## TASK GOAL
Output only the lines that run from the line holding "Apartment in Perth - View 4" to the end of the entries, both ends included, and skip the pictures.

Records excerpted from a collection
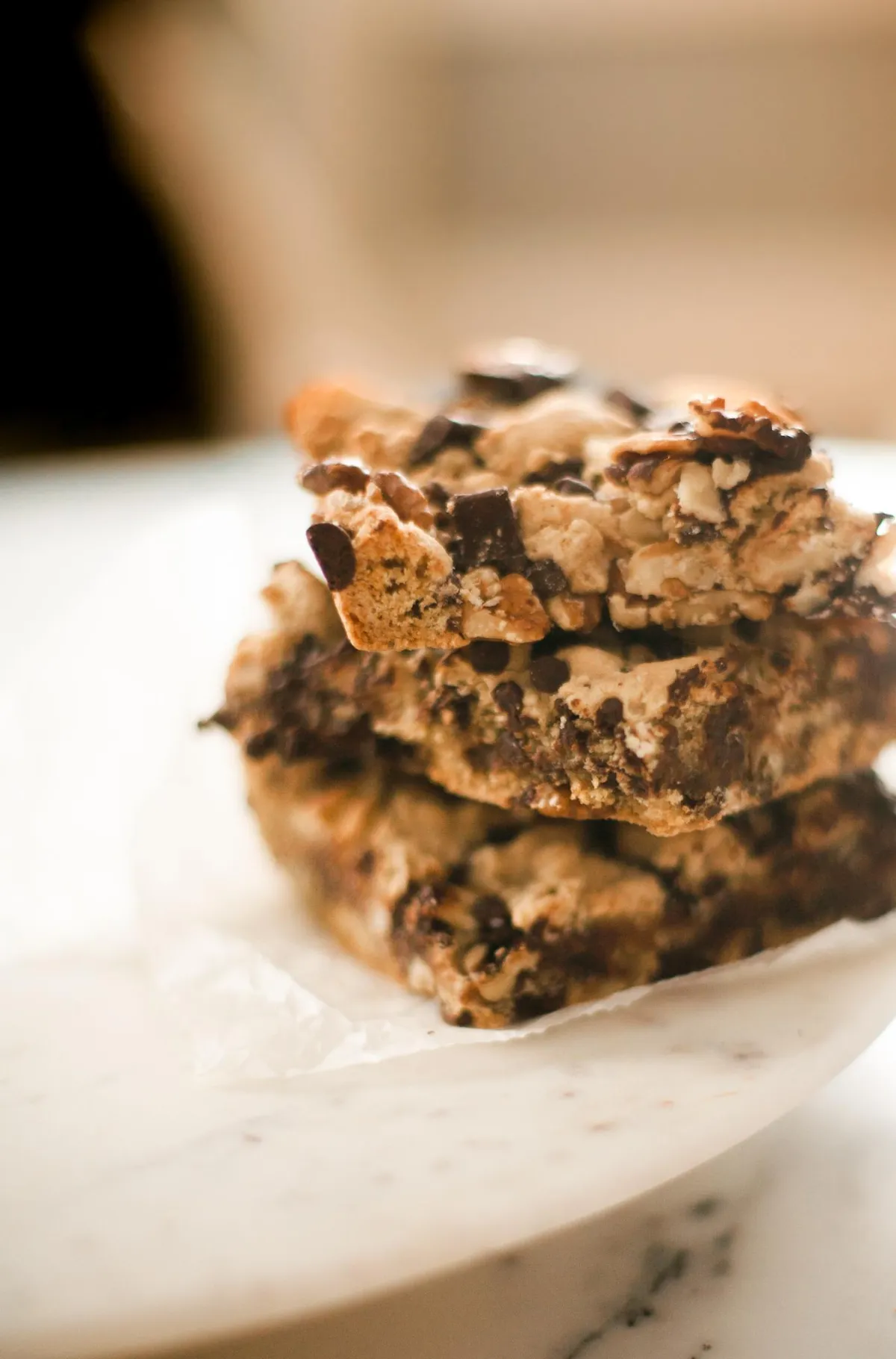 learn how to make this levain style chocolate chip cookie bar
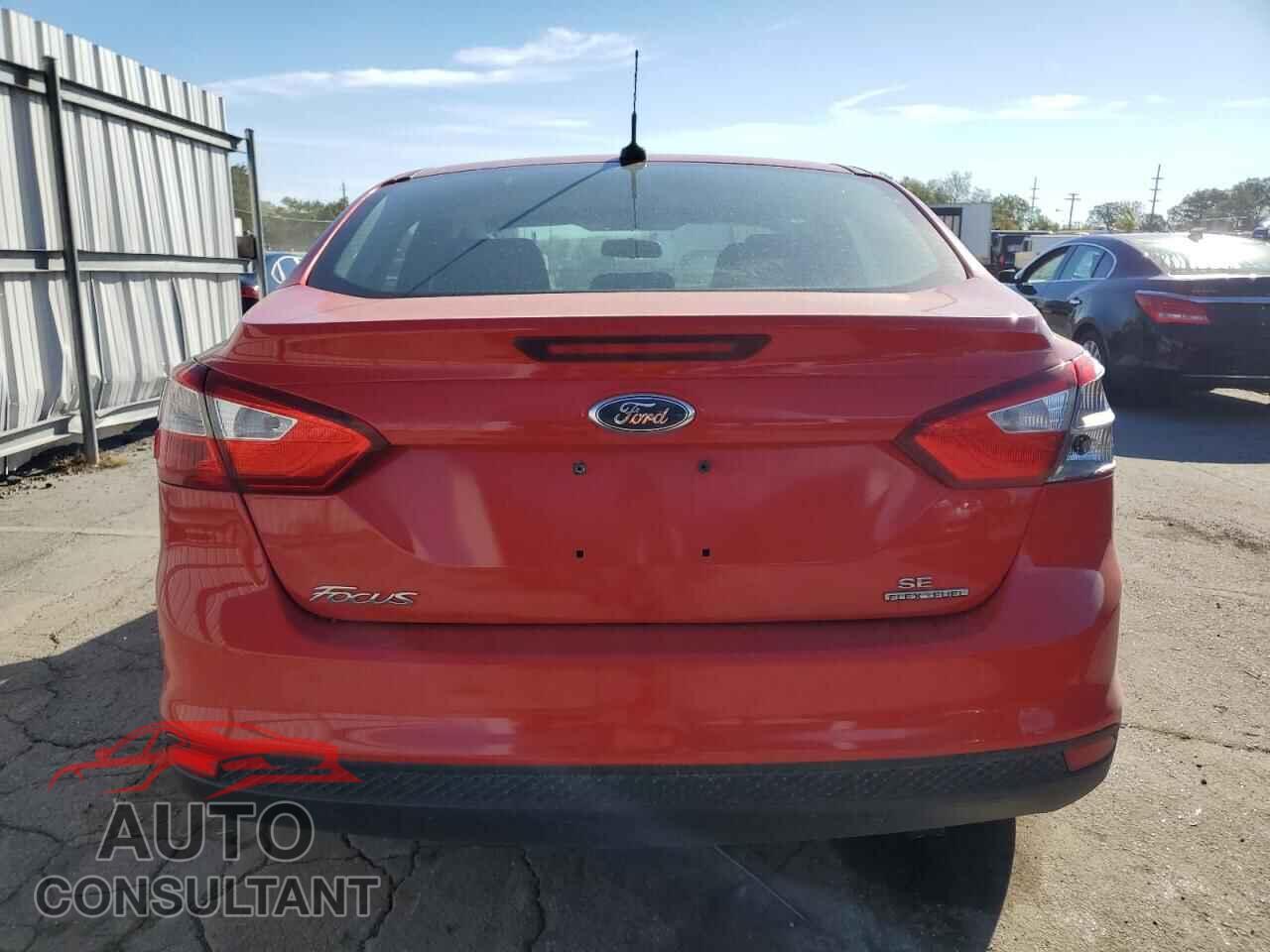 FORD FOCUS 2014 - 1FADP3F2XEL419248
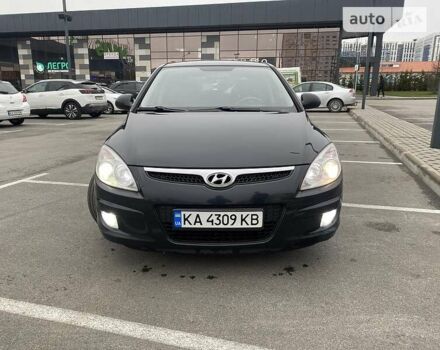 Чорний Хендай i30, об'ємом двигуна 1.6 л та пробігом 239 тис. км за 7100 $, фото 1 на Automoto.ua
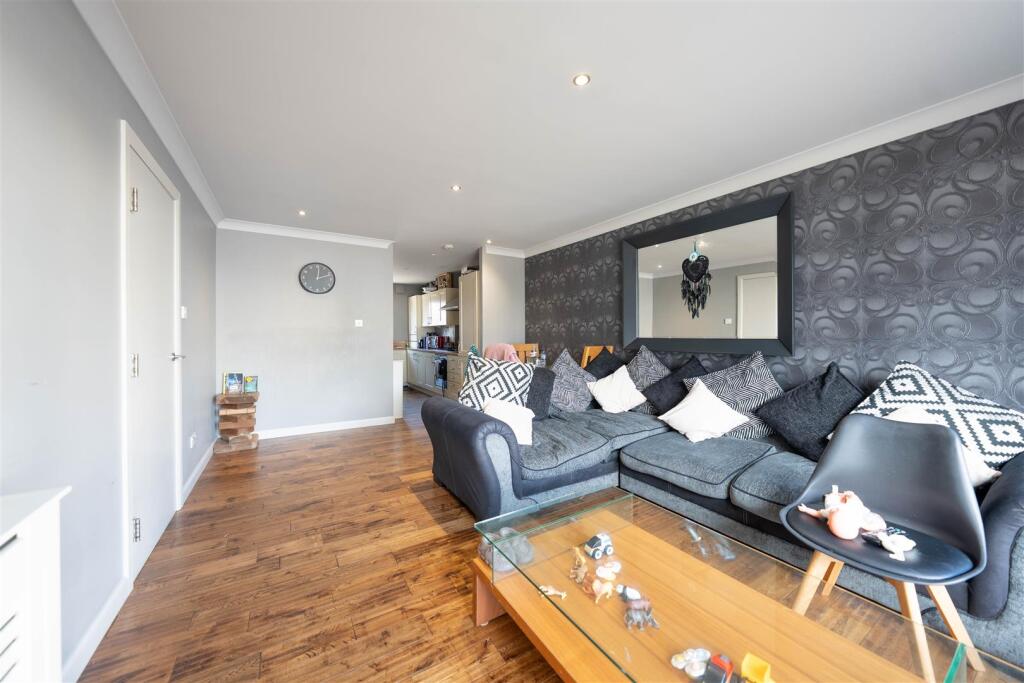 Apartment in Perth - View 4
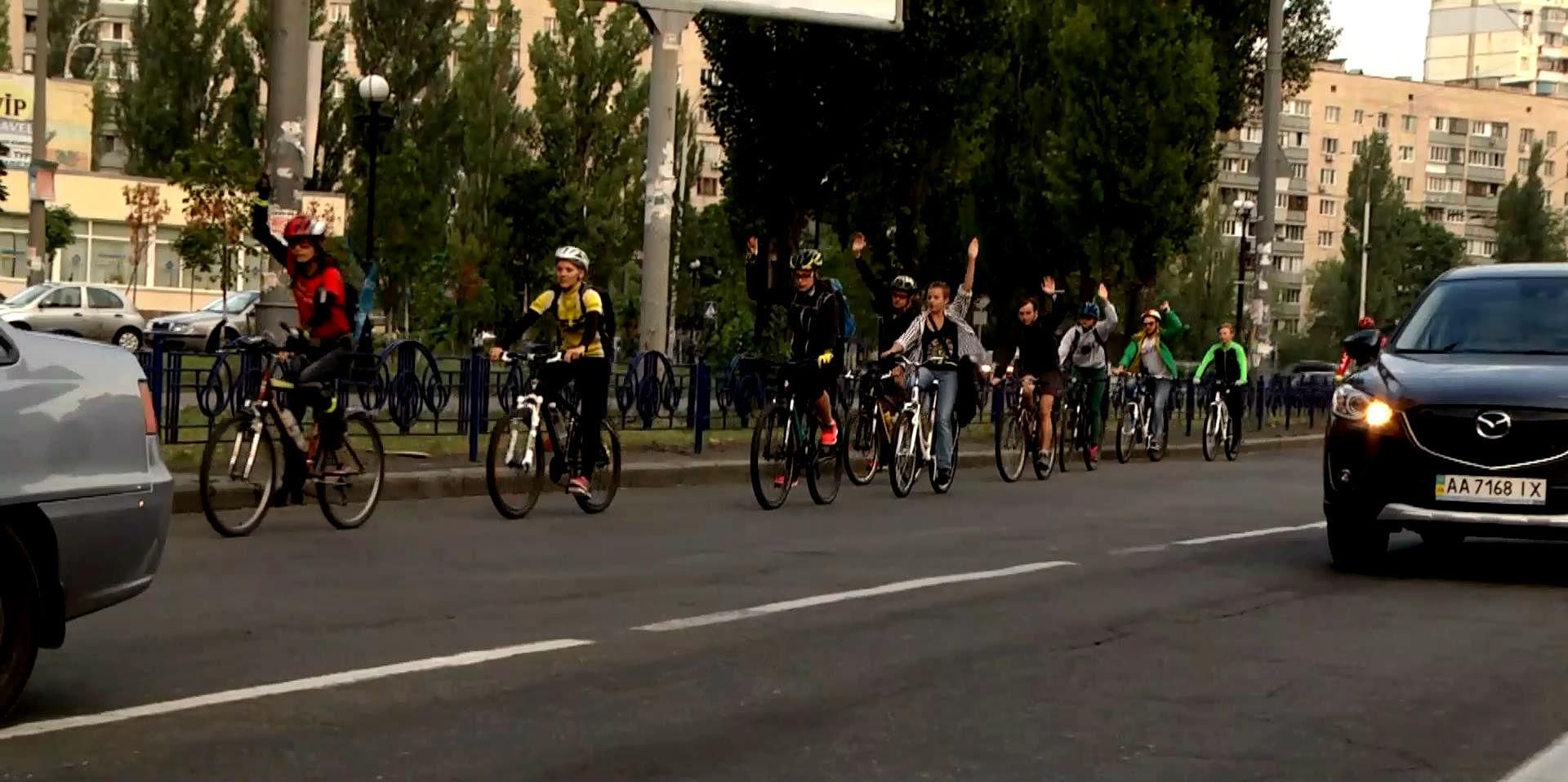 Кияни добирались на роботу нетрадиційним способом Кияни добирались на роботу нетрадиційним способом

## ANSWER
 Apartment in Perth - View 4
 Кияни добирались на роботу нетрадиційним способом Кияни добирались на роботу нетрадиційним способом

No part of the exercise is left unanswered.